I have a 3GB parquet file in GCS I am trying to load into a BigQuery table. I see two errors related to the job on the console:
Resources exceeded during query execution: The query could not be executed in the allotted memory. Peak usage: 101% of limit. Top memory consumer(s): input table/file scan: 100%
Error while reading data, error message: Failed to read a column from Parquet file gs://<redacted>data.parquet: row_group_index = 0, column = 6. Exception message: Unknown error: CANCELLED: . Detail: CANCELLED: File: gs://<redacted>/data.parquet
The file is being written from a pyarrow table.
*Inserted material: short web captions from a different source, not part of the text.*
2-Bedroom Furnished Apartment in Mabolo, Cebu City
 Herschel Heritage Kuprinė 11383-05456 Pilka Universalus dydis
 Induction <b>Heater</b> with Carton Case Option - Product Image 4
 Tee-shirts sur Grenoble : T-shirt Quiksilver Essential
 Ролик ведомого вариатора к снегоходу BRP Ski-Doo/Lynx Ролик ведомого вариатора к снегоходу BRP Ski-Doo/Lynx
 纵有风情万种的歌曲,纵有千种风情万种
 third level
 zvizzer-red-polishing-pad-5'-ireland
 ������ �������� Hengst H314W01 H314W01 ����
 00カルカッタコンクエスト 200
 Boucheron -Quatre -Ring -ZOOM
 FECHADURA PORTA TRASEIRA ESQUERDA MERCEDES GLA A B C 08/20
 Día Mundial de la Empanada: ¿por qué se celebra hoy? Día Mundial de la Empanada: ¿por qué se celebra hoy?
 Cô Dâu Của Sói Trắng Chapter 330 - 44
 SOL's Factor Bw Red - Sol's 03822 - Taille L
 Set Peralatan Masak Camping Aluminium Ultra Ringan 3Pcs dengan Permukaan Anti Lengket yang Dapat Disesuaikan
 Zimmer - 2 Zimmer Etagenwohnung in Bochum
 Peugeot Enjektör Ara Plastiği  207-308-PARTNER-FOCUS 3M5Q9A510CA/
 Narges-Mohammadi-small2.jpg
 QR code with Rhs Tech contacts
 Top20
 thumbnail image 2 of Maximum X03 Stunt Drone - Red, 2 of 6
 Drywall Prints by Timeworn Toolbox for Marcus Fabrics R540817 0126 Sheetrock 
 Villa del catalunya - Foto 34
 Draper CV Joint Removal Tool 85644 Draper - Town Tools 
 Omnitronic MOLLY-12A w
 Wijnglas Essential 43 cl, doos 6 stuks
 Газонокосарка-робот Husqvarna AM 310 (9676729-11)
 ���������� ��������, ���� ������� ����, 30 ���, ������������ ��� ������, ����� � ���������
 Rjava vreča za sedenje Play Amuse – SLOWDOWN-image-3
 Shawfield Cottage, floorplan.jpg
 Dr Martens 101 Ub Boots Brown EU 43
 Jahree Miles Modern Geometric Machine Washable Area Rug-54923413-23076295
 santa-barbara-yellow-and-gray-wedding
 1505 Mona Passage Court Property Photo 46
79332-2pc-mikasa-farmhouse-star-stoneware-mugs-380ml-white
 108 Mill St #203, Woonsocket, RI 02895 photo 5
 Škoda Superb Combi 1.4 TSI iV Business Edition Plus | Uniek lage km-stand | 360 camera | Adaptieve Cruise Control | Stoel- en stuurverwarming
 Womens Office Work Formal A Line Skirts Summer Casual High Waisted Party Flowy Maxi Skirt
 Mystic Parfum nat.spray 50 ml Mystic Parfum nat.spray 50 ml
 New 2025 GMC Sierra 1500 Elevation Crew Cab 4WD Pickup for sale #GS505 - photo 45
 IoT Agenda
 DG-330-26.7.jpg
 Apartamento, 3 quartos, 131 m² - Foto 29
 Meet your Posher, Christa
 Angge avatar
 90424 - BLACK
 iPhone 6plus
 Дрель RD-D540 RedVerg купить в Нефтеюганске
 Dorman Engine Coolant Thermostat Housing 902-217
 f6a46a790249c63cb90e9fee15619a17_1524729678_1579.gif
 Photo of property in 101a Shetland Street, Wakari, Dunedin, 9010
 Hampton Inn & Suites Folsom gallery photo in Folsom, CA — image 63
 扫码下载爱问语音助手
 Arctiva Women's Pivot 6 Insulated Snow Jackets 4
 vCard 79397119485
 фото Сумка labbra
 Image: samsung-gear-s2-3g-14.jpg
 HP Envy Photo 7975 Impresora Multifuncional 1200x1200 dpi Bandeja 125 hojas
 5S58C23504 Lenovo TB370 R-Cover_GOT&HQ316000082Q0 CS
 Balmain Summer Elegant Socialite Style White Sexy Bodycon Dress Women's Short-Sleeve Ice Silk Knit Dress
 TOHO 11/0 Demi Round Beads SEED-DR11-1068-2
I have tried adjusting `row_group_size` down to 10 thousand rows and that has not seemed to help.
required group field_id=-1 schema {
required binary field_id=-1 observation_id (String);
required binary field_id=-1 exposure_id (String);
required double field_id=-1 mjd;
required double field_id=-1 ra;
optional double field_id=-1 ra_sigma;
required double field_id=-1 dec;
optional double field_id=-1 dec_sigma;
optional double field_id=-1 mag;
optional double field_id=-1 mag_sigma;
required binary field_id=-1 observatory_code (String);
}
The docs only state maximum row size of 50MB (https://cloud.google.com/bigquery/docs/loading-data-cloud-storage-parquet). There is no way a row or even a row group of 10,000 is near that size.
Any guidance would be appreciated.